(Collected data entries)
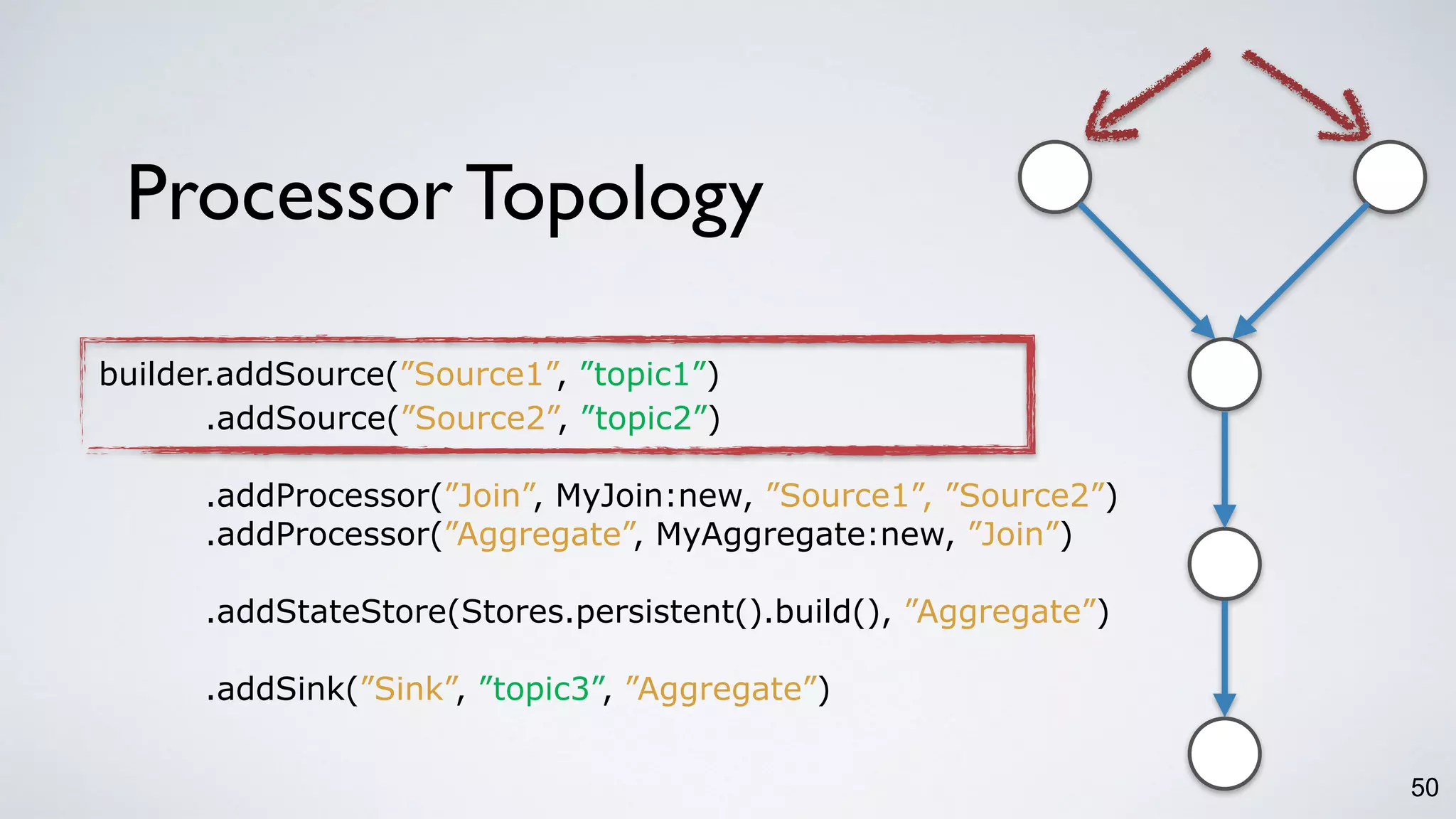 Processor Topology
50
builder.addSource(”Source1”, ”topic1”)
.addSource(”Source2”, ”topic2”)
.addProcessor(”Join”, MyJoin:new, ”Source1”, ”Source2”)
.addProcessor(”Aggregate”, MyAggregate:new, ”Join”)
.addStateStore(Stores.persistent().build(), ”Aggregate”)
.addSink(”Sink”, ”topic3”, ”Aggregate”)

◆ Task requirements: From the records given above, reproduce all text exactly and exclude each picture.

◆ Task answer:
 Processor Topology
50
builder.addSource(”Source1”, ”topic1”)
.addSource(”Source2”, ”topic2”)
.addProcessor(”Join”, MyJoin:new, ”Source1”, ”Source2”)
.addProcessor(”Aggregate”, MyAggregate:new, ”Join”)
.addStateStore(Stores.persistent().build(), ”Aggregate”)
.addSink(”Sink”, ”topic3”, ”Aggregate”)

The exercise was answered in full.